Exclude the pictures, and otherwise reproduce the data in full.

====== MATERIAL PROVIDED ======

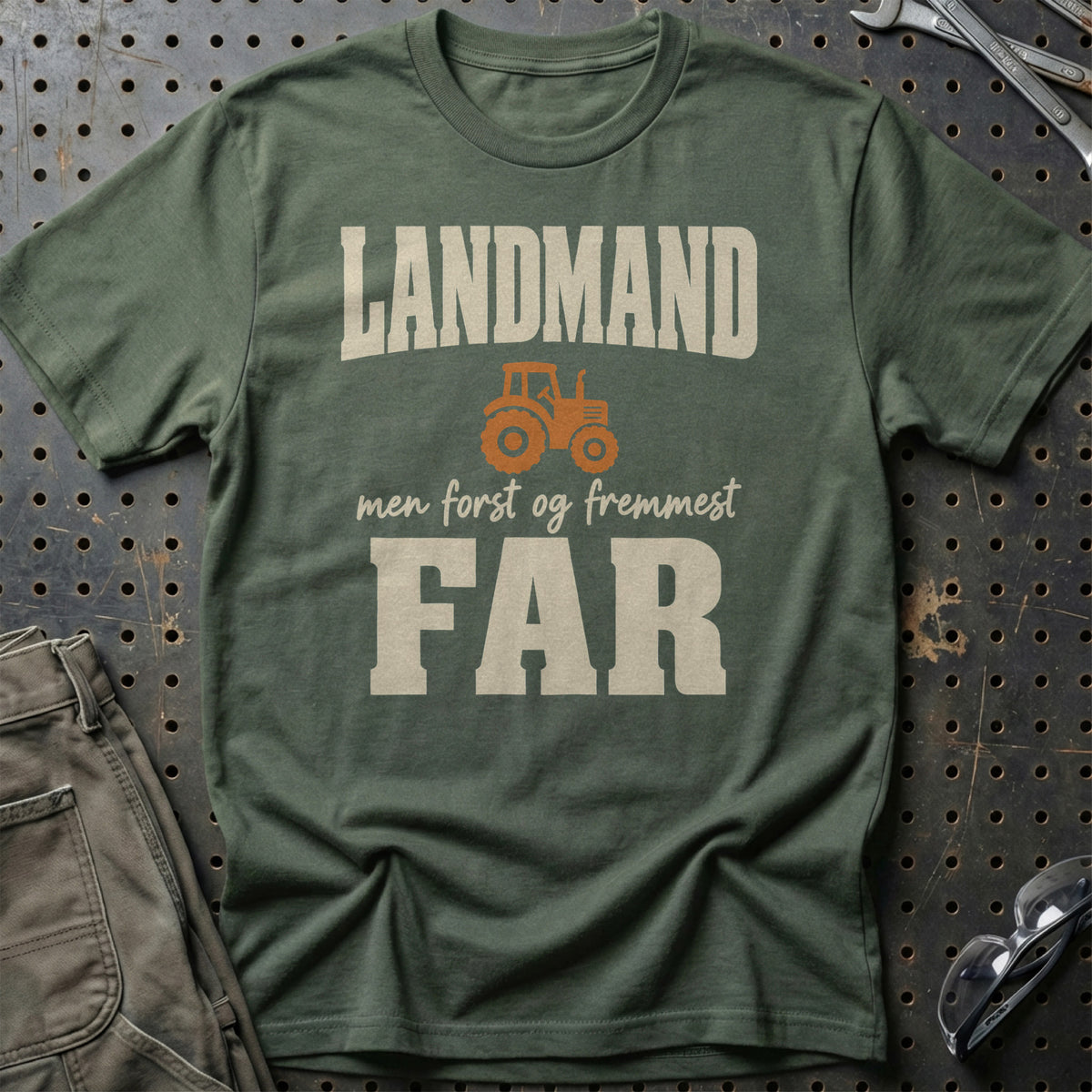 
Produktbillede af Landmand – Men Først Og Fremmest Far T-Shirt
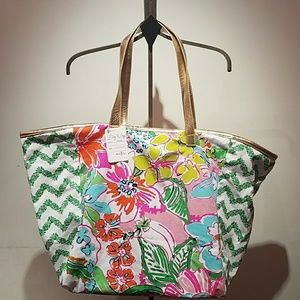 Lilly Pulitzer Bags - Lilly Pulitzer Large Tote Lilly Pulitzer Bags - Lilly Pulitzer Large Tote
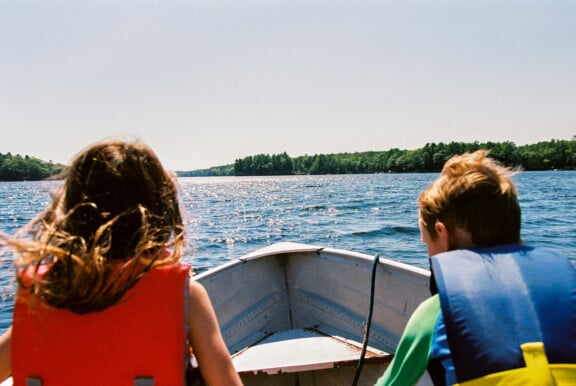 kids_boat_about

======

[SOLUTION]
Produktbillede af Landmand – Men Først Og Fremmest Far T-Shirt
 Lilly Pulitzer Bags - Lilly Pulitzer Large Tote Lilly Pulitzer Bags - Lilly Pulitzer Large Tote
 kids_boat_about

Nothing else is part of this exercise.